Diego Espíndola, secretário Municipal de Saúde de Piratini-RS e Membro da Diretoria do CONASEMS apontou a demora para o início de alguns tratamentos. “Hoje levamos em torno de 90 dias para iniciar a radioterapia na metade Sul do Estado. Esse prazo deveria ser de 10 a 20 dias”, ressalta. Segundo ele, algumas propostas que poderiam ajudar a melhorar este cenário são a organização da rede de atenção à oncologia com garantia de cuidado integral, a hierarquização dos pontos de atenção em oncologia, protocolos de suspeita oncológica elaborados por especialistas, criação de parâmetros para realização de cirurgias, estabelecimento de mecanismos de acesso efetivo, disponibilização de acesso ao RHC (Registro Hospitalar de Câncer), revisão dos tetos dos municípios e dos estados com serviços habilitados e o monitoramento e avaliação dos serviços periodicamente.
Para Tatiana Breyer, enfermeira executiva da secretaria municipal de saúde de Porto Alegre, as demandas em saúde são infinitas e o recurso é pífio, o que torna a cada dia a sustentabilidade do sistema de saúde mais difícil. “No Rio Grande do Sul temos 11 milhões de habitantes, 26 serviços habilitados para tratar o câncer. Nenhum serviço habilitado além dos de Porto Alegre cumpre o mínimo estabelecido pela portaria – segundo dados do Estado. Ou seja, são serviços que recebem recursos e não fazem o que estão sendo pagos para fazer. Temos que mudar isso.”
Luis Otavio Stedile, analista do Ministério Público da União e assessor jurídico do Núcleo da Saúde da Procuradoria da República do Rio Grande do Sul, apontou que a escassez de recursos gera decisões difíceis em relação ao SUS. “Chegamos a um patamar de judicialização de cerca de 7 bilhões por ano. Precisamos de soluções pro sistema funcionar porque a judicialização mostra que o sistema está desestruturado.”

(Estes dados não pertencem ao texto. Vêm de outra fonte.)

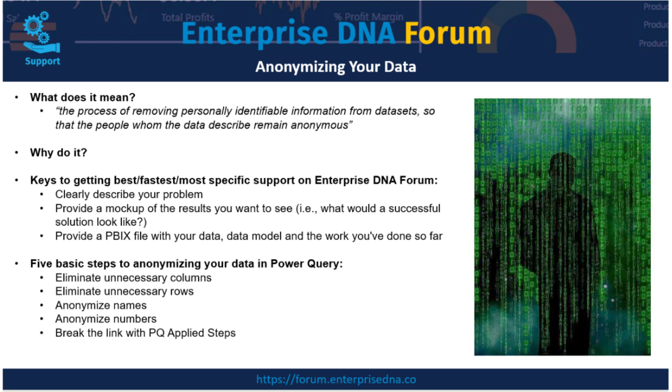There are five basic steps to anonymizing your data. You can do it in DAX, you can do it in Excel, I'm going to suggest and show you today ways to do it in Power Query that I think are really straightforward and easy, and there's basically five key steps to doing so.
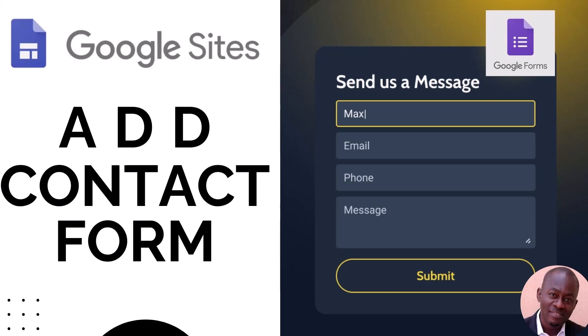Hi everyone, welcome back to my channel. Today, I'm going to show you how to add a contact form to Google Sites.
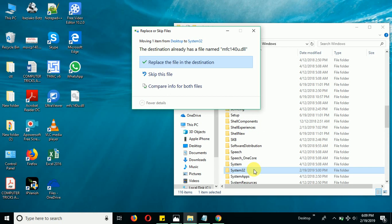Right now, I already have this mfc140u.dll file in my operating system. That's why you can see it's showing me the alert that the destination already has a file named mfc140u.dll. I'm not getting this problem, but I made this video for you guys who are having this kind of problem.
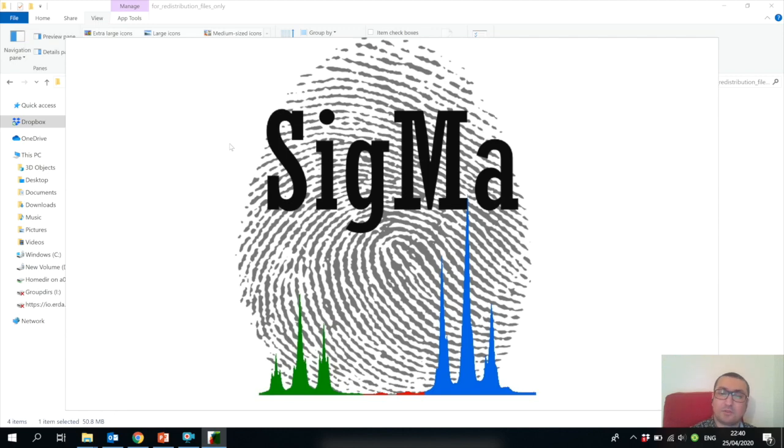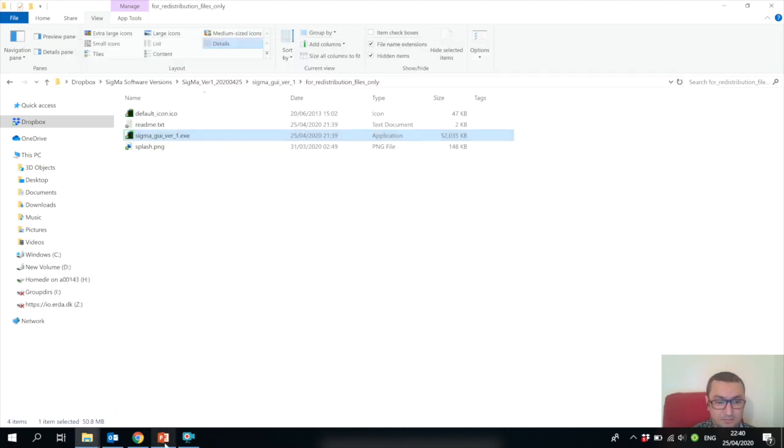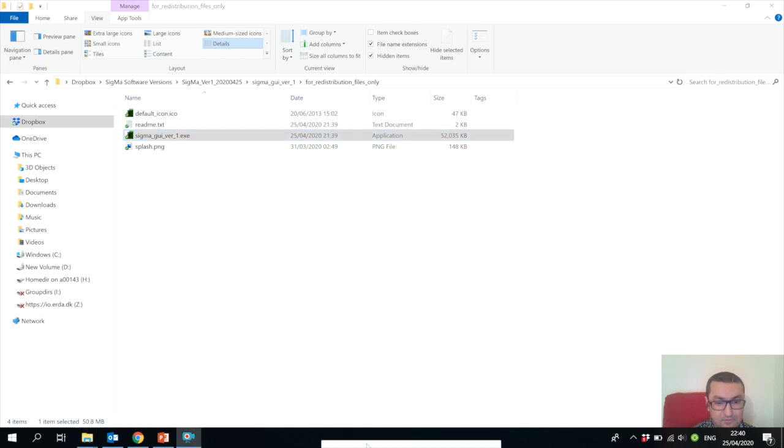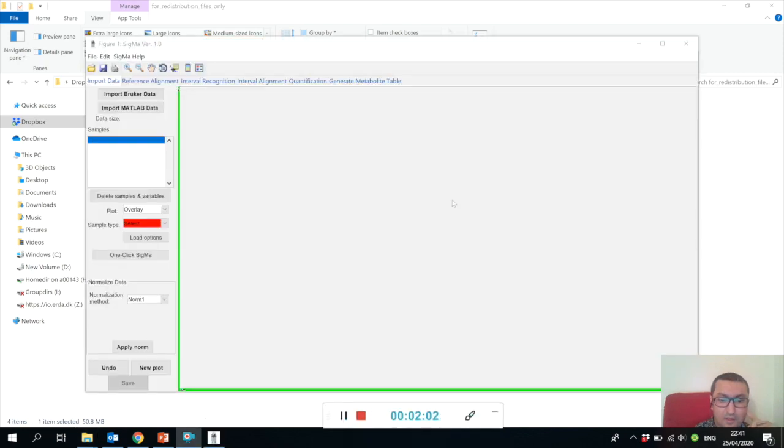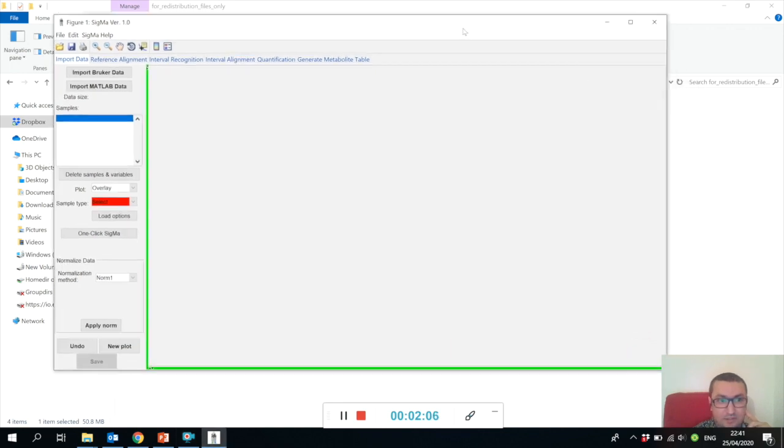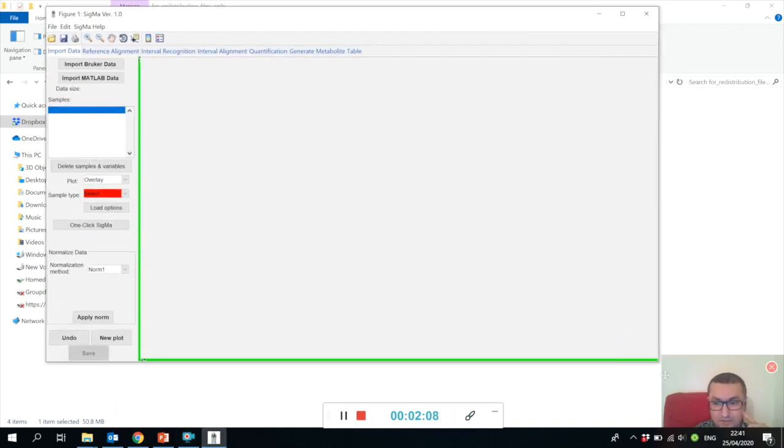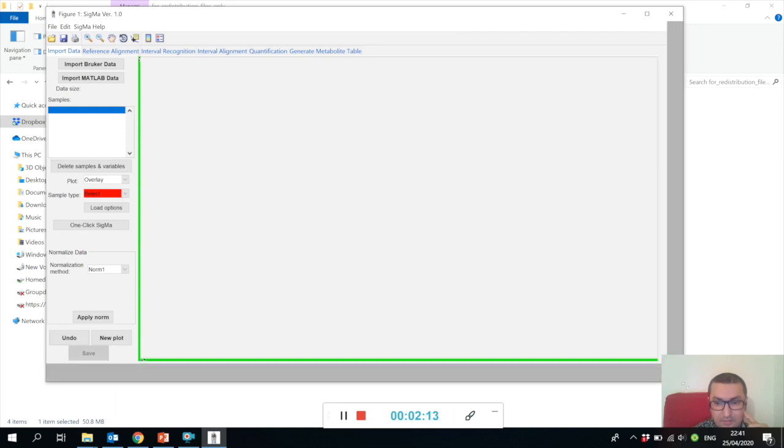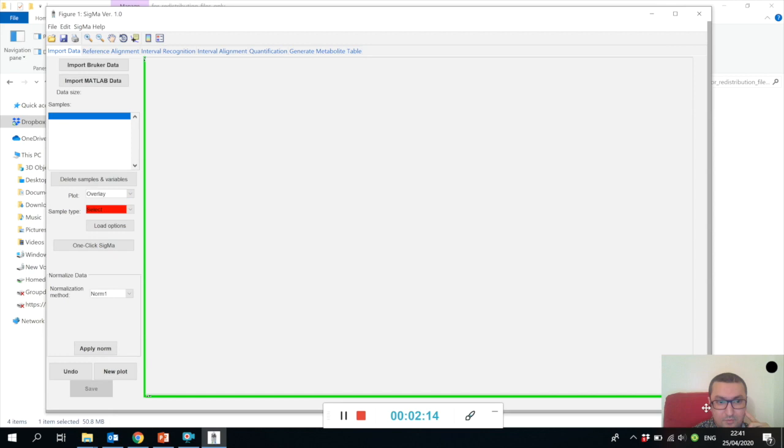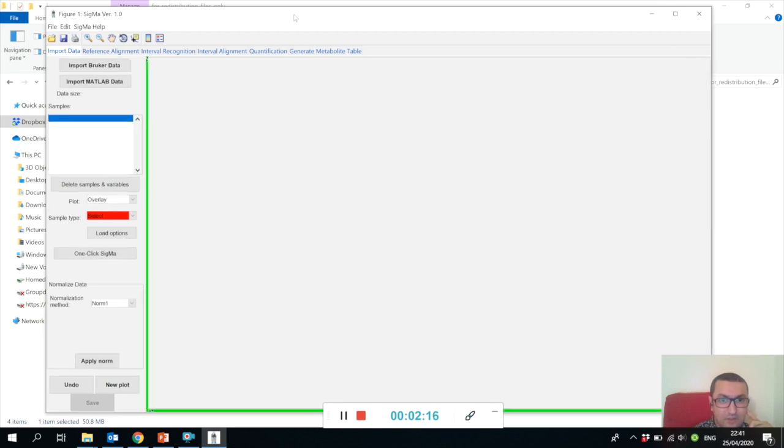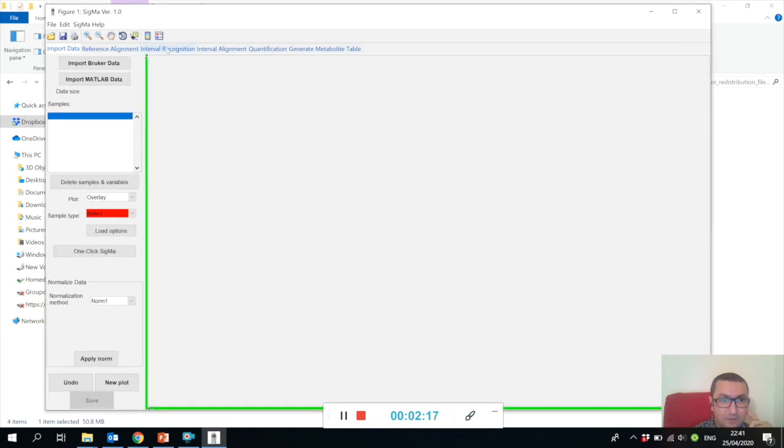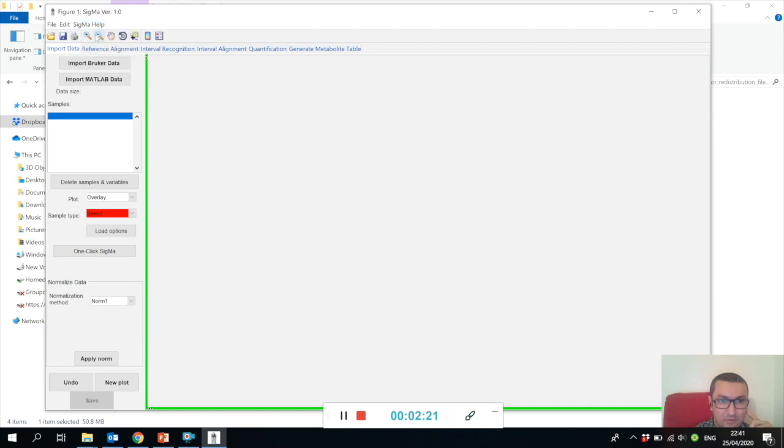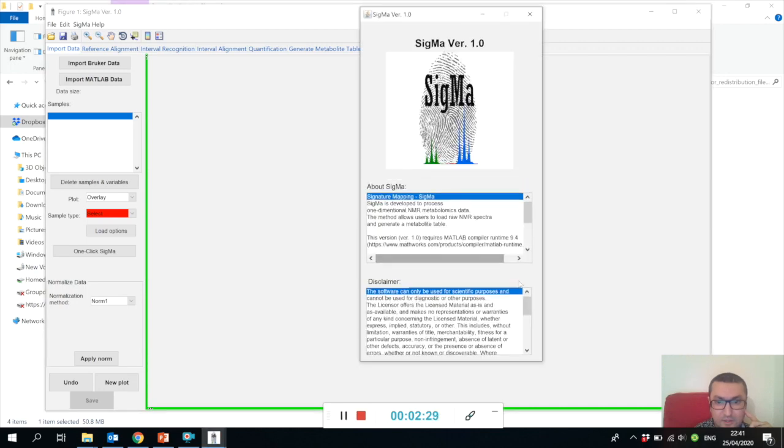When Sigma opens, you will see a graphical user interface which looks like this. I would highly recommend that before you start using it, please go to the Sigma Help and read about Sigma. Here you will see information about the software, and please read the disclaimer.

Para o Deputado Estadual do Rio Grande do Sul, a solução seria a criação de uma previsibilidade para garantir acesso aos tratamentos por parte dos pacientes. “Com a judicialização, o Estado acaba perdendo muito dinheiro. Se tivéssemos uma previsibilidade, esses tratamentos seriam licitados e comprados diretamente da indústria com valores até 20% menores. Assim podemos economizar de 150 a 200 milhões de reais por ano que podem ser utilizados em outras coisas, como em diagnósticos precoces, por exemplo.”
Casos de sucesso
Entre os casos de sucesso que foram apresentados no Fórum Oncoguia está o exemplo de Santa Catarina que conseguiu organizar o acesso dos serviços especializados nos municípios através da criação de uma lei estadual sobre transparência implementando e consolidando a regulamentação em todo o estado. “Implantamos a primeira central de regulação do estado em Florianópolis. Com base nisso, trabalhamos junto com o Cosems para organizar os processos, passamos por uma auditoria da CGU em oncologia e conseguimos que a Assembleia Legislativa aprovasse a lei estadual 17.066/2017 por unanimidade. Em um ano de força-tarefa passamos de 34 centrais de regulação para 200, ou seja, hoje quase 80% dos municípios de Santa Catarina contam com central de regulação implantada”, contou Karin Leopoldo, secretária Municipal de Saúde de São João Batista-SC.
Outro exemplo apresentado no evento foi o da Carta Londrina que criou um encontro paranaense de Cacons e Unacons para aperfeiçoar a assistência aos usuários com base em estatísticas locais. “Conseguimos com a carta trabalhar ações de melhorias de processos, ampliação da oferta para suprir a demanda redução do tempo de espera para início do tratamento, intensificação das ações de conscientização da população, implantação de ações educativas; reivindicações financeiras, liberação de medicamentos e judicialização”, relata Mara Rossival Fernandes, Diretora do Hospital do Câncer de Londrina e vice-presidente da Associação Brasileira de Entidades Filantrópicas de Combate ao Câncer – ABIFICC.